**Work order**
Write the listing out again word for word, skipping each picture.

***** Supplied material

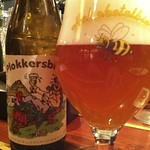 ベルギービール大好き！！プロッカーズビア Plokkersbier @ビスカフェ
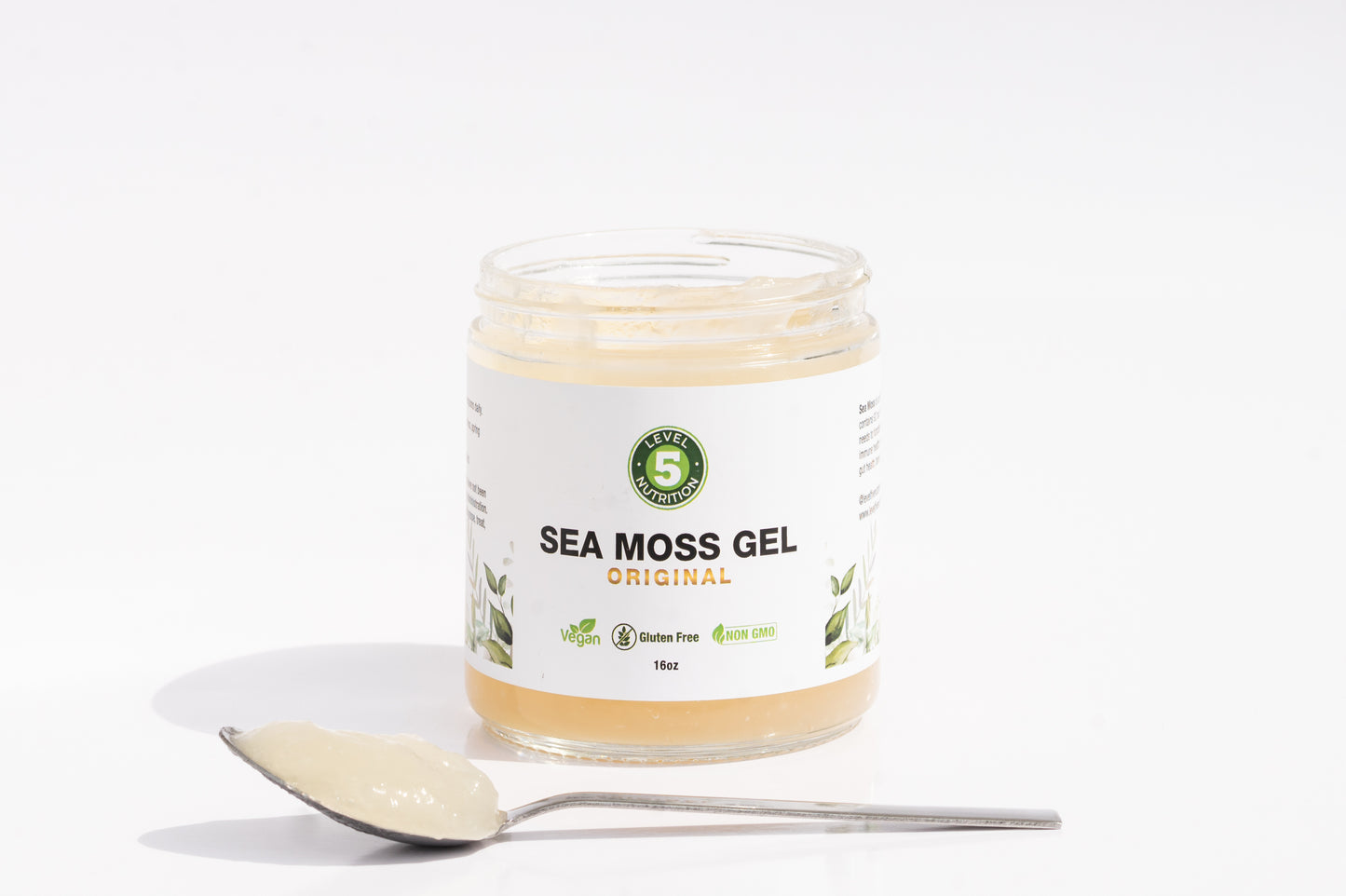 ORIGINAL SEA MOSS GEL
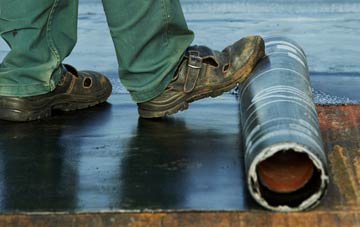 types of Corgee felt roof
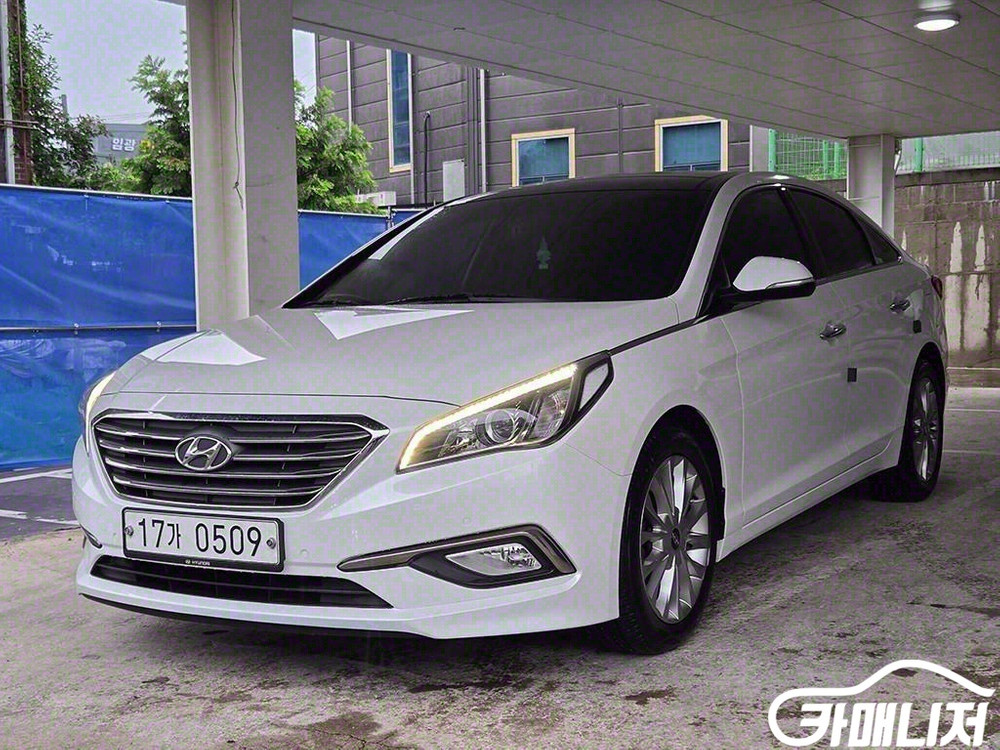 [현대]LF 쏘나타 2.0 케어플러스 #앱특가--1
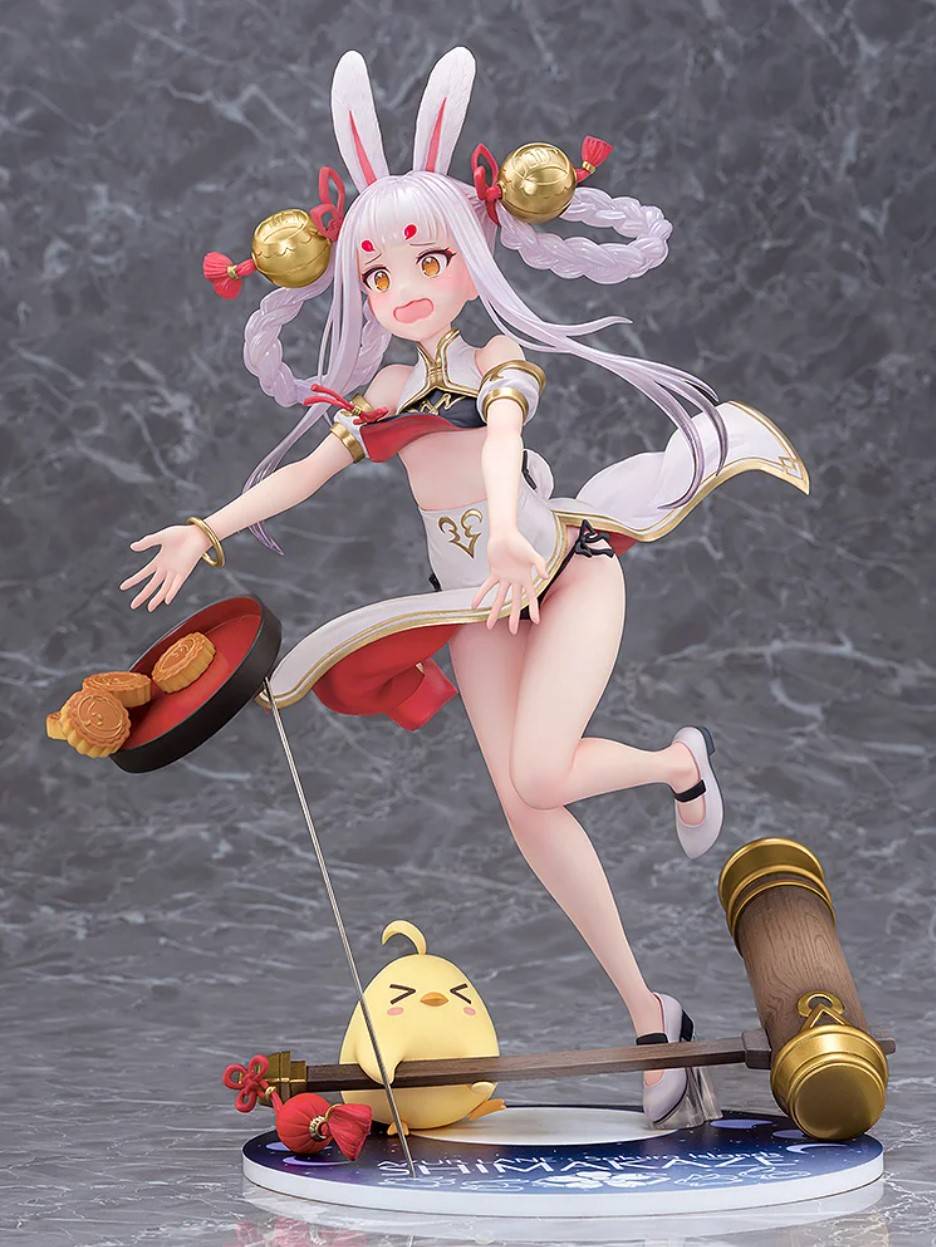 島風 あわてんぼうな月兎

**********

**Completed task**
 ベルギービール大好き！！プロッカーズビア Plokkersbier @ビスカフェ
 ORIGINAL SEA MOSS GEL
 types of Corgee felt roof
 [현대]LF 쏘나타 2.0 케어플러스 #앱특가--1
 島風 あわてんぼうな月兎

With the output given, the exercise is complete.